Added Bajeux, "I am thilled to take this new position and am very excited about the opportunities Cap Juluca has to offer. The resort has an important legacy to live up to, with stellar service and dedicated staff who are ready to take Cap Juluca to the next level."

In his new position, Bajeux - born and raised in Alsace-Lorraine, France - will lend his considerable expertise to the development of new concepts and menus for the resort's three restaurants, including the fine dining venue Pimms', George's and Kemia which will be re-concepted as a Pan-Asian restaurant. In addition, he will supervise approximately 80 employees and oversee staff training and development.

Bajeux certainly has the expertise and credentials to take this already impressive resort to even higher standards of excellence. One of just 50 French Master Chefs in the United States - as designated by the Ma^itre Cuisinier de France - he began his culinary career as an apprentice at age 14, and then trained as a cook in the French Navy. He spent his early career in Montreal, working at some of the city's finest restaurants, and then moved to Maui, where he worked as executive chef of the Four Seasons Resort, eventually relocating to the Four Seasons Beverly Hills in the same position. He also worked at several fine dining restaurants in Chicago, including a stint as executive chef/partner at Bristrot Zinc, a three-star bistro.

More than ten years ago, he moved to New Orleans to work as executive chef at the city's venerable Windsor Court Hotel, overseeing its fine dining venue, The Grill Room - Louisiana's only Mobil Five-Star and AAA Five Diamond restaurant. He later joined the prestigious Renaissance Pere Marquette Hotel, serving up authentic French cuisine at its acclaimed Rene Bistrot. Last year, he took the helm of another classic French venue, La Provence in Lacombe, Louisiana, where he was hired as a chef/partner to advance the restaurant's "farm to table" agenda.

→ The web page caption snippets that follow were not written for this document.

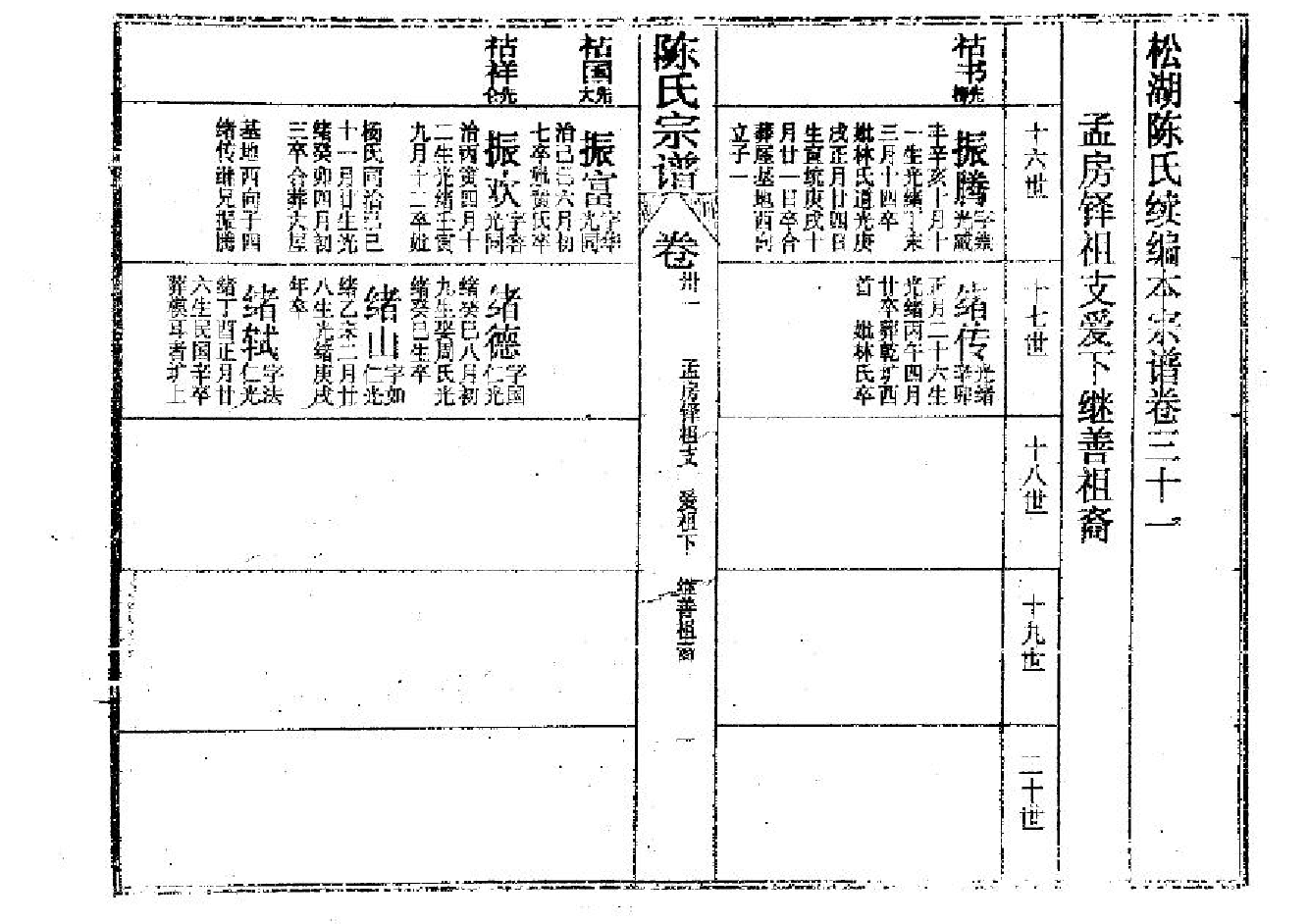 2261陳氏宗譜（片卷号：19_2-21_1）_005_第2页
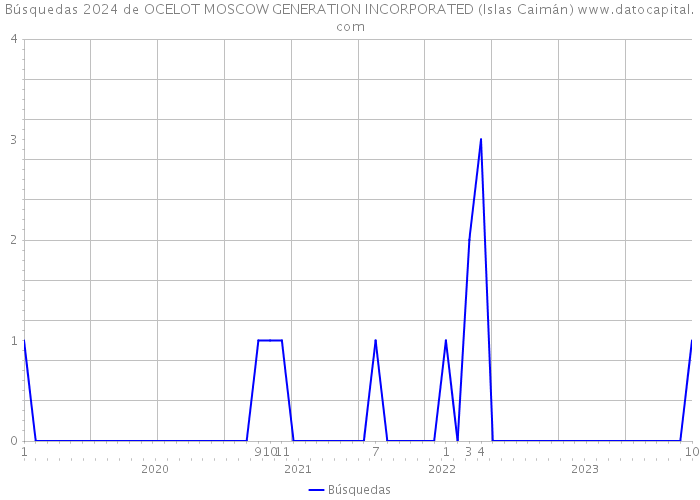 Búsquedas 2024 de OCELOT MOSCOW GENERATION INCORPORATED (Islas Caimán) 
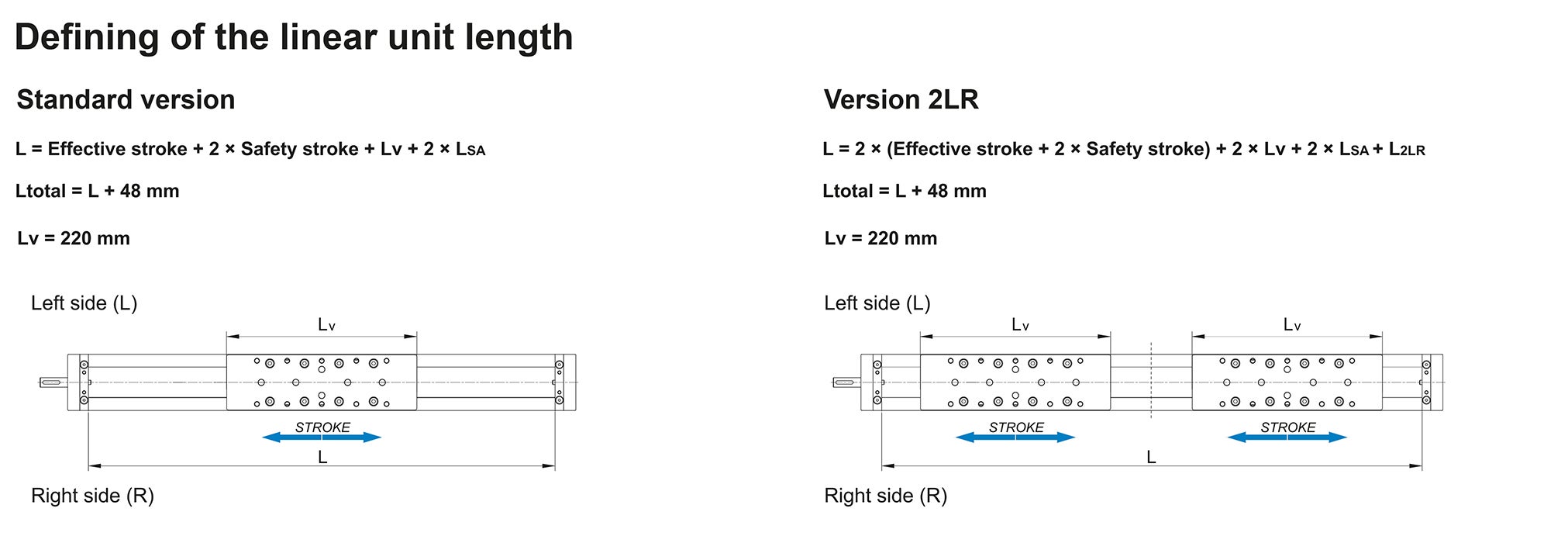 MTV 65 Linear Unit defining length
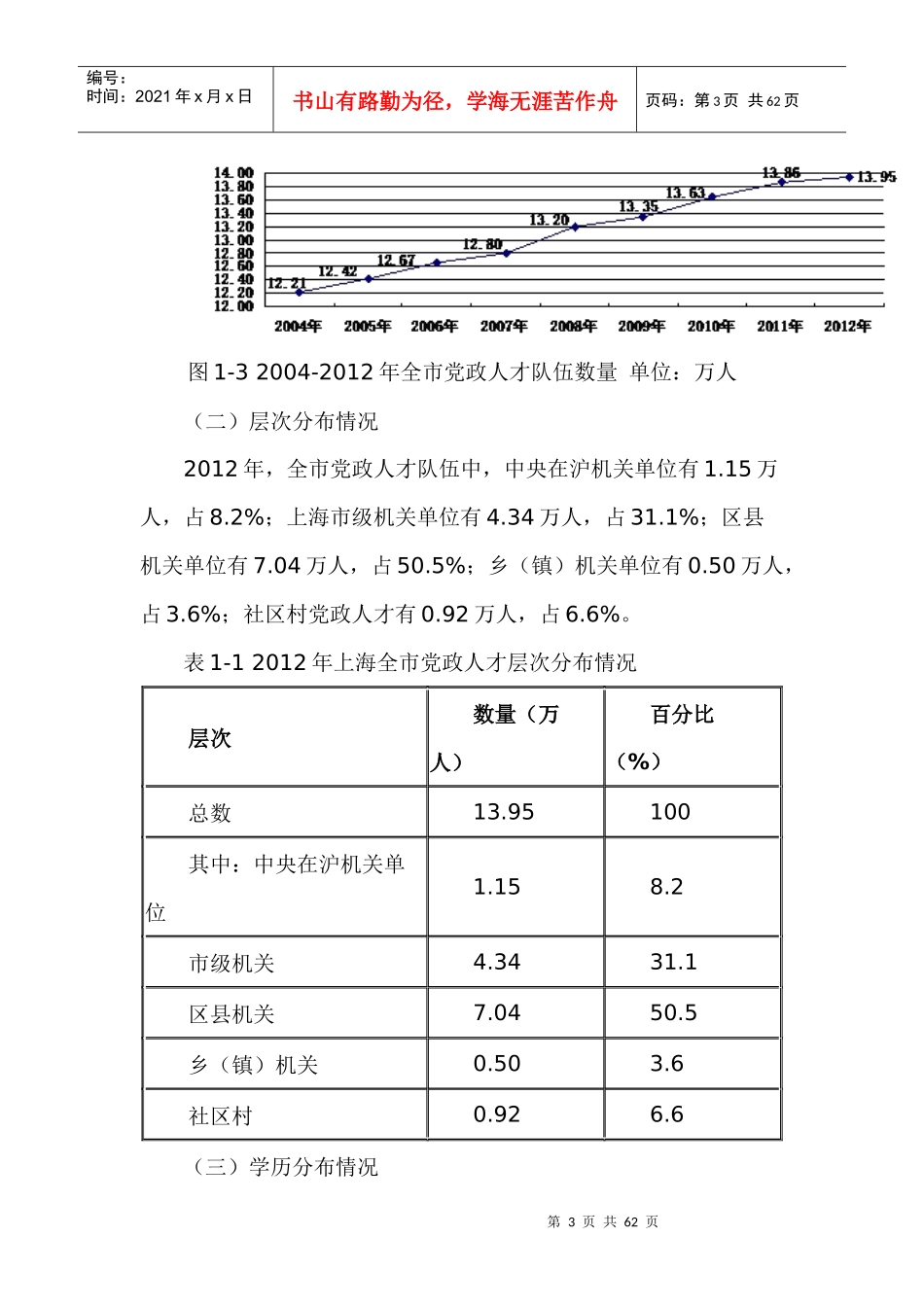 人力资源-2022XXXX年上海人才资源状况报告_第3页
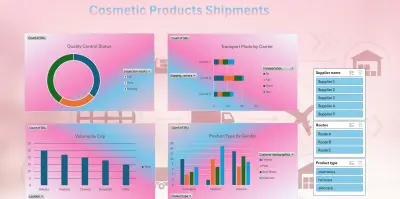 Cosmetics Dashboard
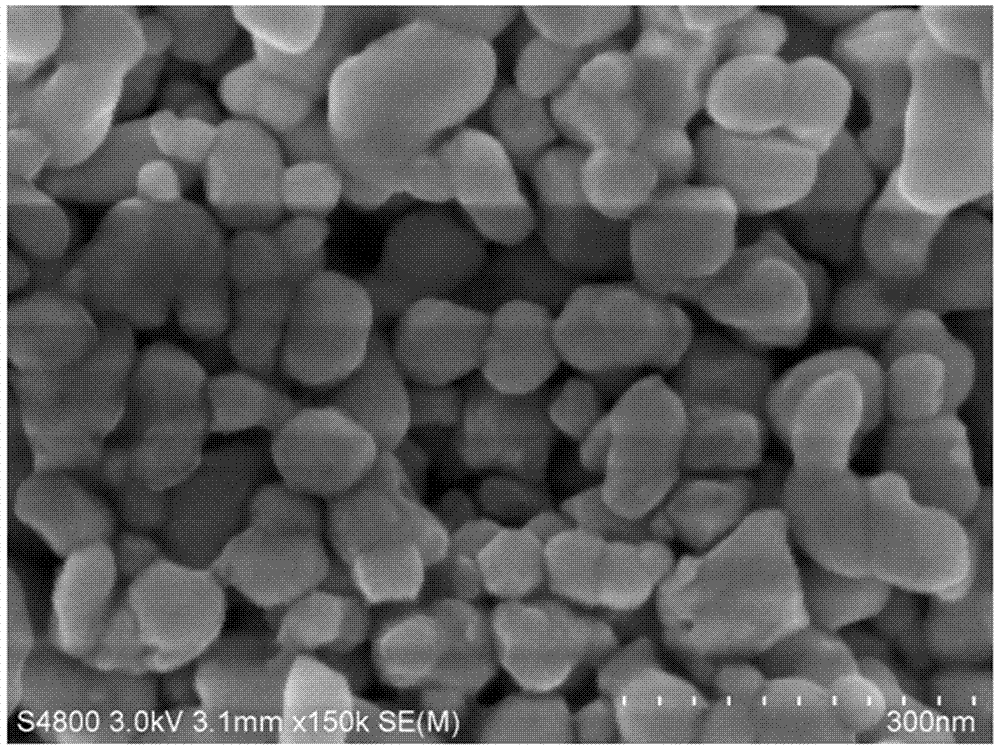 Preparation method of cston type visible light total water splitting catalyst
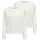 Only Sweatshirt Weiß XL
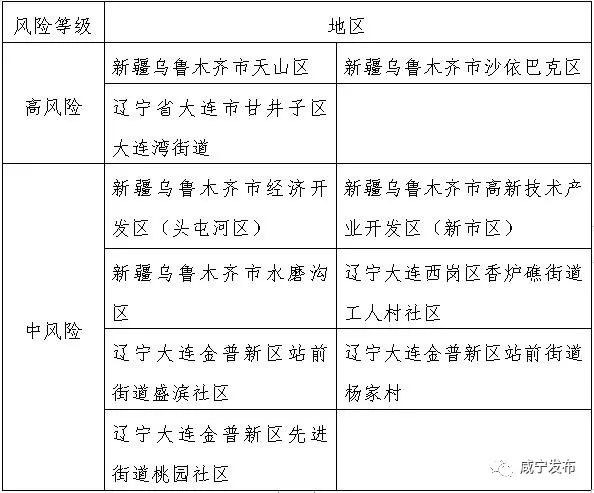 青岛新增49例确诊,青岛新增5例确诊病例-第1张图片
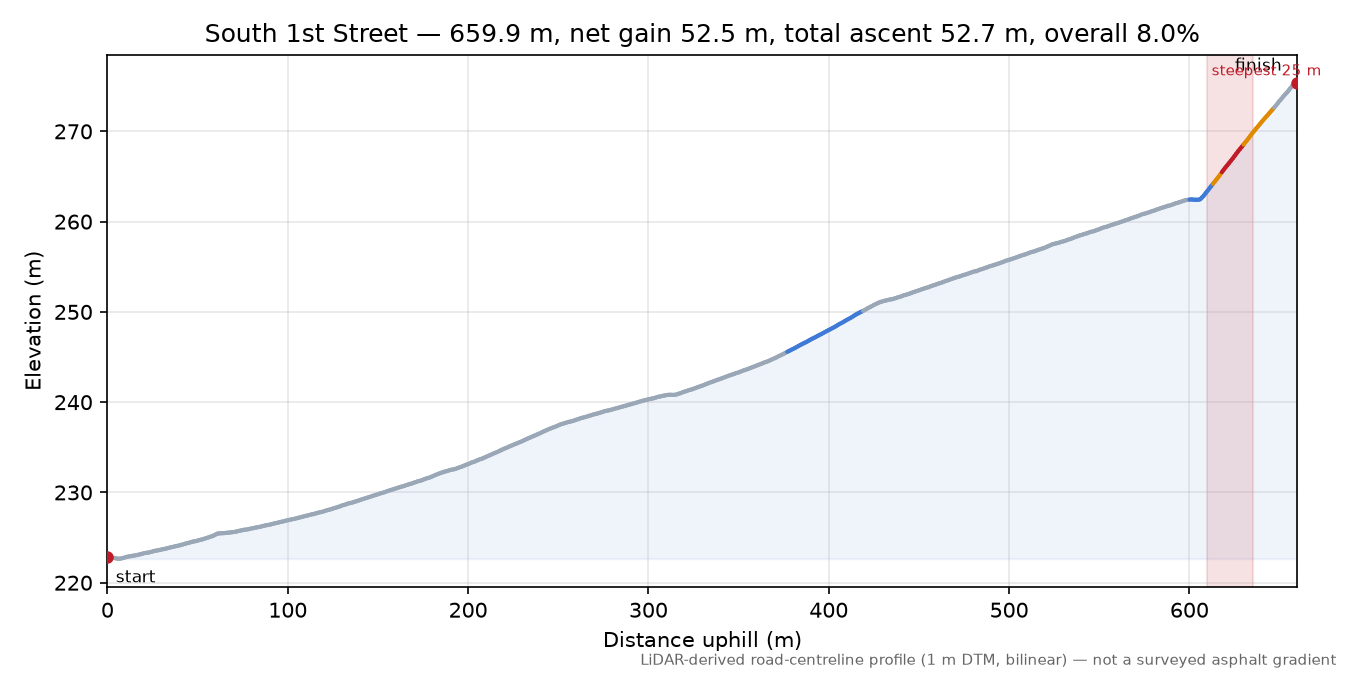 South 1st Street elevation profile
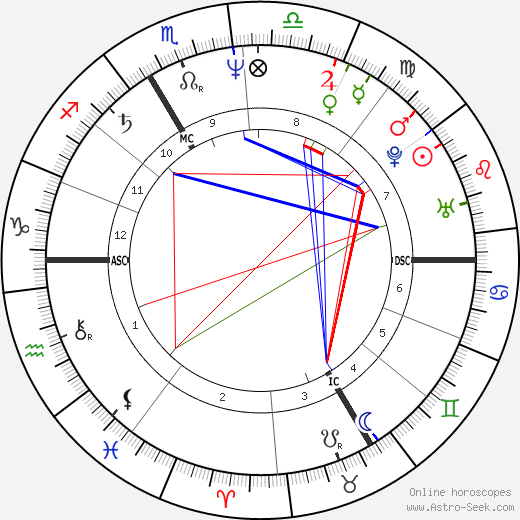 Carole Bouquet birth chart, Carole Bouquet astro natal horoscope, astrology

Throughout his more than three-decade culinary career, Bajeux has accrued numerous accolades for his classic culinary approach, among them Esquire magazine's "Best New Restaurants," "Chef of the Year" from the American Tasting Institute; and inclusion among "America's Top Tables," Gourmet magazine. He has hosted many dinners at The James Beard House in New York City and was designated "Outstanding Member, 1997-2000" by The James Beard Foundation.